10th Speaker of the Legislative Assembly of Manitoba
- In office 14 February 1895 – December 1899
- Preceded by: Samuel Jackson
- Succeeded by: William Hespeler

Member of the Legislative Assembly of Manitoba for Turtle Mountain
- In office January 23, 1883 – July 11, 1888
- Preceded by: J. P. Alexander
- Succeeded by: John Hettle

Member of the Legislative Assembly of Manitoba for Killarney
- In office July 11, 1888 – December 7, 1899
- Preceded by: Constituency established
- Succeeded by: George Lawrence

Personal details
- Born: 2 April 1852 St. Chrysostome, Canada East
- Died: 15 February 1916 (aged 63) Killarney, Manitoba, Canada
- Party: Liberal (provincial) Liberal (federal)

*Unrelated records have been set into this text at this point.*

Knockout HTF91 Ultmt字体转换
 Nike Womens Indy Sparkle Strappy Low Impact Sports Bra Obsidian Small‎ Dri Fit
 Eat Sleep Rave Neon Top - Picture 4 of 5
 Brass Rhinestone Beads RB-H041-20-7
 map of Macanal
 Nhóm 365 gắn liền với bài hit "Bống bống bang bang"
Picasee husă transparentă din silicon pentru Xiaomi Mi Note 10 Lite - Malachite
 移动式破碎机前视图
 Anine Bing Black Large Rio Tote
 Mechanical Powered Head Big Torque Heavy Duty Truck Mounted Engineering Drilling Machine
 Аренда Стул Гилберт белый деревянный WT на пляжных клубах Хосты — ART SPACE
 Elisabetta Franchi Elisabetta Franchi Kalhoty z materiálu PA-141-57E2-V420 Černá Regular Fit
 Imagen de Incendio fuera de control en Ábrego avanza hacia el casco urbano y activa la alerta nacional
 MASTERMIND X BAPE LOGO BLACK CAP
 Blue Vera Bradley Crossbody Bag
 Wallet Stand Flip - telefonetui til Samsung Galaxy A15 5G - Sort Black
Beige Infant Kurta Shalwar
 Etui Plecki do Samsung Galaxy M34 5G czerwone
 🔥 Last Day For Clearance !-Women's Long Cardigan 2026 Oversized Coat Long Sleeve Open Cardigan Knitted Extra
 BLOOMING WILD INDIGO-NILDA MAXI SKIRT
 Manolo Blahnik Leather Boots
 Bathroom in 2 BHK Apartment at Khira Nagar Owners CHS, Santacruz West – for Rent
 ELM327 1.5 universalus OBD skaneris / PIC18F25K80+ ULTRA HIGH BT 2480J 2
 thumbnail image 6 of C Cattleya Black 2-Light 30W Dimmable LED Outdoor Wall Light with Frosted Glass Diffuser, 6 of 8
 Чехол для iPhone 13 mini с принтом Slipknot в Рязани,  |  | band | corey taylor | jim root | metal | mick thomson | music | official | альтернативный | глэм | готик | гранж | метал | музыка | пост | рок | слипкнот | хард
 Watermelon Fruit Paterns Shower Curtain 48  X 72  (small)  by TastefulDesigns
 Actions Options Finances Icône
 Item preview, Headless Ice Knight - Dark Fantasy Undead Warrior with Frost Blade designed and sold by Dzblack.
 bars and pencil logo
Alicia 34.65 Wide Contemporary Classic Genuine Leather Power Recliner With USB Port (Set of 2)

= Finlay McNaughton Young =

Canadian politician

Finlay McNaughton Young (2 April 1852 - 15 February 1916) was a Canadian politician.

==Background==
Born in St. Chrysostome, Canada East, the son of Duncan Young, he was educated at St. Chrysostome and Montreal. In 1879, he moved to Manitoba. A farmer, he was first elected to the Legislative Assembly of Manitoba for the electoral division of Turtle Mountain in 1883 and re-elected at all the subsequent elections up to 1899. In 1899, he was defeated. He was Speaker of the Legislative Assembly of Manitoba from 1895 to 1899.

A Liberal, he was appointed to the Senate of Canada on 30 January 1900 on the recommendation of Sir Wilfrid Laurier. He represented the Senate division of Killarney, Manitoba, until his death.